I wonder what is the best way to read data from csv file (located on S3) and then insert into database table.
I have deployed apache flink on my k8s cluster.
I have tried with DataSet
api in the following way:
Source(Read csv) -> Map(Transform POJO to Row) -> Sink(JdbcOutputFormat)
It seems that Sink (writing into DB) is the bottleneck. Source
and Map
tasks are idle for ~80% while at the same time Sink
is idle for 0ms/1s with input rate rate 1.6MB/s.
I can only speed up the whole operation of inserting csv content into my database by spliting the whole operation on new replicas of task managers.
Is there any room for improving performance of my jdbc sink?
[edit]
DataSource<Order> orders = env.readCsvFile("path/to/file") //
.pojoType(Order.class, pojoFields)
.setParallelism(6) //
.name("Read csv"); //
JDBCOutputFormat jdbcOutput = JDBCOutputFormat.buildJDBCOutputFormat()

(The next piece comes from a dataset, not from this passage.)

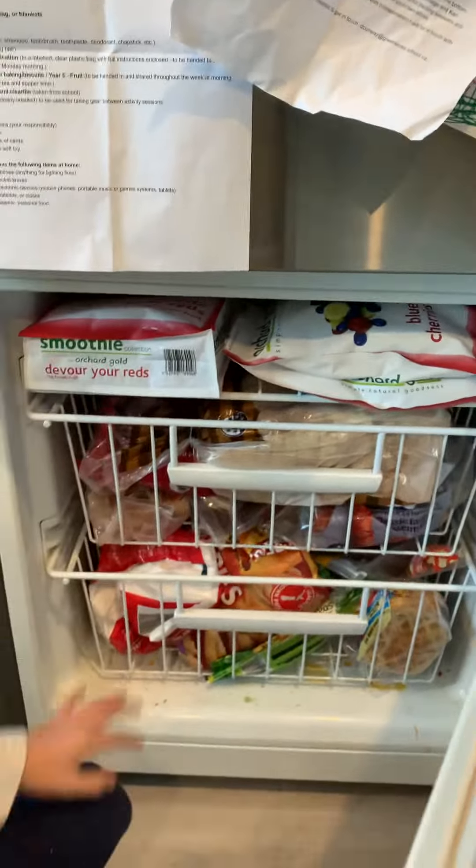Second ingredient is the mixed berries. I usually put in about two — two handfuls.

.setQuery("INSERT INTO orders(...) values (...)") //
.setBatchInterval(10000) //
.finish();
orders.map(order -> {
Row r = new Row(29);
//assign values from Order pojo to Row
return r;
}).output(jdbcOutput).name("Postgre SQL Output");
I have experimented with batch interval in range 100-50000 but it didn't affect speed of processing significantly, it's still 1.4-1.6MB/s
If instead of writing to external database I print all entries from csv file to stdout (print())
I get rate 6-7MB/s so this is why I assumed the problem is with jdbc sink.
With this post just wanted to make sure my code doesn't have any performance issues and I reach max performance from a single Task Manager.